La lucha por el control y dominio del mar, iniciada por las tres potencias europeas, Inglaterra, Francia y Holanda, no tenían otra finalidad que apropiarse de la rutas comerciales españolas y portuguesas de todo su comercio con las Indias, para romper su monopolio, y abrir nuevas redes de circulación clandestina de sus propias mercaderías. Otra acción característica de tales potencias marítimas, que identifica la determinación de despojar a España de su comercio, fue la proliferación del contrabando en Iberoamérica. A fin de establecer esta piratería internacional, buscaron, hasta encontrar en las innumerables islas despobladas del Caribe, las bases de operaciones ideales para la comisión de sus propósitos.

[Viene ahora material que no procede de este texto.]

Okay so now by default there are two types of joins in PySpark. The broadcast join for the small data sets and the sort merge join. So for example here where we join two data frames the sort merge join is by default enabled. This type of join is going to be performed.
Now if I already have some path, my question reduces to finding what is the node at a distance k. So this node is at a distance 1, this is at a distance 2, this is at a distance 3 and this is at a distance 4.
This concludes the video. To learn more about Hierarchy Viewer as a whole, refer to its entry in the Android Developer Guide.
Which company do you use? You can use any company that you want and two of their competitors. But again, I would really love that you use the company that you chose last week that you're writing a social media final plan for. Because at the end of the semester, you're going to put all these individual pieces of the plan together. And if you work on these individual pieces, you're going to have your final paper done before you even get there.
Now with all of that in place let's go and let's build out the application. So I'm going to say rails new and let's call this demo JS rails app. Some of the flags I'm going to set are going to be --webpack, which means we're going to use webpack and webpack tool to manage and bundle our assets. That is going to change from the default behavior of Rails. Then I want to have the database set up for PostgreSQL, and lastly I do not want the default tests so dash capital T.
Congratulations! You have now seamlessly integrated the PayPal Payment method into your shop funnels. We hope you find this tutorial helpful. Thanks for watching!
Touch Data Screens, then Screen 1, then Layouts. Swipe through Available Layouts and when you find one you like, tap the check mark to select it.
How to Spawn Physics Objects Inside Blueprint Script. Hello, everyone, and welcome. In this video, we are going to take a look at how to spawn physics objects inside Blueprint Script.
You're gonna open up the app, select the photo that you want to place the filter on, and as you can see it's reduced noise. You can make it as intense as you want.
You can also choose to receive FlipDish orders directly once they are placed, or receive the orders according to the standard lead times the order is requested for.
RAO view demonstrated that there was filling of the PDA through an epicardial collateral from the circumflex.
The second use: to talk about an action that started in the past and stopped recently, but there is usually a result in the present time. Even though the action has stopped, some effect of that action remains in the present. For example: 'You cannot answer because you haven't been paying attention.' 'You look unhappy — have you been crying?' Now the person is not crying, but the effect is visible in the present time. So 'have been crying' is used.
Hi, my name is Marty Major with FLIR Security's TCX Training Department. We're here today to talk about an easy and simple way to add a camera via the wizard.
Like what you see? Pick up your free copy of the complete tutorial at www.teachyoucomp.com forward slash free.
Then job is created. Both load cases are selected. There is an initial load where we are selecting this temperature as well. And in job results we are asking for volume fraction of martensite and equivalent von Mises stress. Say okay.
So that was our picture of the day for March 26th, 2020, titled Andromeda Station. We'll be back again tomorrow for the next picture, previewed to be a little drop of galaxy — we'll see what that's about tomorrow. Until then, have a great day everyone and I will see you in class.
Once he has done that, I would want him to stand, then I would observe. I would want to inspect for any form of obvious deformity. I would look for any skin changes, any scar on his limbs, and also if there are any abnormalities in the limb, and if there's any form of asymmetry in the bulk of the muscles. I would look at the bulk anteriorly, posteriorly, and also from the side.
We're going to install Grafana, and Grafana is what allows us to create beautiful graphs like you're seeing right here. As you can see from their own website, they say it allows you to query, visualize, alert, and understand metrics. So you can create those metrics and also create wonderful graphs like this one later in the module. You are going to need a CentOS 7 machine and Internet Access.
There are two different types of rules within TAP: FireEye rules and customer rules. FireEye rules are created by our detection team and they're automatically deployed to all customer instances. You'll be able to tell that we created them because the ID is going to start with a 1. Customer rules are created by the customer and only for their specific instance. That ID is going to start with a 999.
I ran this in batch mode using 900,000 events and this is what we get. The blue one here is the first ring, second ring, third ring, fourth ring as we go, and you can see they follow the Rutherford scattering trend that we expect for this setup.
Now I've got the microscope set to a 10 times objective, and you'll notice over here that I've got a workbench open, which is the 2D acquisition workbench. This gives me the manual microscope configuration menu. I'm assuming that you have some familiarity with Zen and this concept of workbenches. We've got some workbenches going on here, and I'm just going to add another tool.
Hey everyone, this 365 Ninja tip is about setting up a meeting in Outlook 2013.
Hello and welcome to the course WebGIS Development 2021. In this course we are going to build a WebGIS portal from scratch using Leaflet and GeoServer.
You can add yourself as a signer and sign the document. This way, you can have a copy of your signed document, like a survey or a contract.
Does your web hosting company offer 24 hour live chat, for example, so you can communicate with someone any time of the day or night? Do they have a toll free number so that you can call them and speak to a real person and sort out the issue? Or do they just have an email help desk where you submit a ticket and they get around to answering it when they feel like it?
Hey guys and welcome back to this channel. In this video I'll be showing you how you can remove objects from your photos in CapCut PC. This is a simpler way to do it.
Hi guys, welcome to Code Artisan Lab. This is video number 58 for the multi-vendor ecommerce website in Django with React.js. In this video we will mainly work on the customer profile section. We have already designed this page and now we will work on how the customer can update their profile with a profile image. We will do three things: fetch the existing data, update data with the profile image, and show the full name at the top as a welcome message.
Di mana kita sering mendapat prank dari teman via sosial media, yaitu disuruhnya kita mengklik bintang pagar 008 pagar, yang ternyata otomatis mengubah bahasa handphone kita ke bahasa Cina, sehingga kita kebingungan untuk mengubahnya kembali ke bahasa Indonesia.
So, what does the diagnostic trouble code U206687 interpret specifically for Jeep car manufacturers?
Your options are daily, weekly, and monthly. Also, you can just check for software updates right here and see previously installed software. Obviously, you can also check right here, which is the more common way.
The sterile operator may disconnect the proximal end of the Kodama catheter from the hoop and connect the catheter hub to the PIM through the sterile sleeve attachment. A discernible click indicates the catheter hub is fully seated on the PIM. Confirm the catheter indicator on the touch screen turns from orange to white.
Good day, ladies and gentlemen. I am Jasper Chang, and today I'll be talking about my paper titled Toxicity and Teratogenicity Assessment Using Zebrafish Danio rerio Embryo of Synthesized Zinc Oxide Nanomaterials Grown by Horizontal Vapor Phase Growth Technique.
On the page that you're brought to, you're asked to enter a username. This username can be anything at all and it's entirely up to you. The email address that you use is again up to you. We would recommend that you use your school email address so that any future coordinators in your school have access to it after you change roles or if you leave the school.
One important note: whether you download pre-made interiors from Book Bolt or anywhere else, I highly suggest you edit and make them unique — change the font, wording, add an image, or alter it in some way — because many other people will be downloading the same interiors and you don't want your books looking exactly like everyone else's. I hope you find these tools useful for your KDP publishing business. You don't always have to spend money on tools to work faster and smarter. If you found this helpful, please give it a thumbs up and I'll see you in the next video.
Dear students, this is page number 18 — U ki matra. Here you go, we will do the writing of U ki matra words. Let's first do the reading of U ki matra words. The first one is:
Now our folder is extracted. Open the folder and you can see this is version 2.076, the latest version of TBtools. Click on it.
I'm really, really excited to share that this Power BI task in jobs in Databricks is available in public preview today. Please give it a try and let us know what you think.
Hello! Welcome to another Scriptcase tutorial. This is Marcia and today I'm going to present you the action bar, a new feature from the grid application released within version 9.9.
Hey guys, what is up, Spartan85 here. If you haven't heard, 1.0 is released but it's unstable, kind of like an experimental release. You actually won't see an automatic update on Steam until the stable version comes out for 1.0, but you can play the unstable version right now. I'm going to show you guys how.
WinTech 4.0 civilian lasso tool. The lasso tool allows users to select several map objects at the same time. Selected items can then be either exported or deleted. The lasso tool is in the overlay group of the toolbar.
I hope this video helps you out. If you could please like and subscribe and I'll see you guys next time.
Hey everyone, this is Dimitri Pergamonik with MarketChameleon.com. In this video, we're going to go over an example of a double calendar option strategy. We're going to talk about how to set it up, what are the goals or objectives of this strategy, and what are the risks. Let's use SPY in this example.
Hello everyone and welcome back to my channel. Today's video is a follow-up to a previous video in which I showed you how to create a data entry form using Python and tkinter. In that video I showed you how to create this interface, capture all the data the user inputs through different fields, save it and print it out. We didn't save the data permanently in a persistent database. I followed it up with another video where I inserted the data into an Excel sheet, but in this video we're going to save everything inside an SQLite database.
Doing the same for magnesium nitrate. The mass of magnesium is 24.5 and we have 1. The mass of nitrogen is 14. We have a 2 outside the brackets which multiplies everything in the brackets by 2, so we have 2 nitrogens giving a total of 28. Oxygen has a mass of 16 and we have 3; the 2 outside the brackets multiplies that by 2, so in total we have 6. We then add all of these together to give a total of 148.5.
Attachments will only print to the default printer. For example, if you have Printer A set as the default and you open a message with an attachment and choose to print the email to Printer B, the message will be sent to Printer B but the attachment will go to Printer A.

Pronto Inglaterra se mostró superior a las otras potencias, gracias a su condición y posición geográfica de isla, a la hábil política de alianzas de Isabel I, y a la capacidad naviera de su marina. En esta lucha por el dominio del mar y las rutas comerciales, cayó en manos del pirata Drake el más valioso botín para la náutica inglesa, el juego completo de los nuevos mapas de navegación españoles, mantenidos hasta entonces en riguroso secreto, que venía a bordo de un buque que arribaba a Guayaquil procedente de Manila. Este hecho, fue la puntilla final aplicada al poderío naval español, que luego de una lucha de 200 años por el dominio de los mares, debió cederle la primacía a la poderosa Inglaterra.


[1]En el diccionario de la Lengua Española, hay cuatro conceptos que identifican a esta palabra, de los cuales dos, corresponden a la actividad que probablemente se desarrolló en ese lugar de Guayaquil durante la colonia: arsenal de embarcaciones, o cobertizo en que trabajan los cordeleros o fabricantes de márragas u otras telas de estopa o cáñamo. Dentro de estas actividades debió participar la atarazana levantada en ese lugar de Guayaquil, pues recordemos que en esta ciudad se fabricaban jarcias de cabuya para aparejar las naves salidas del astillero cuando estaba en ese lugar.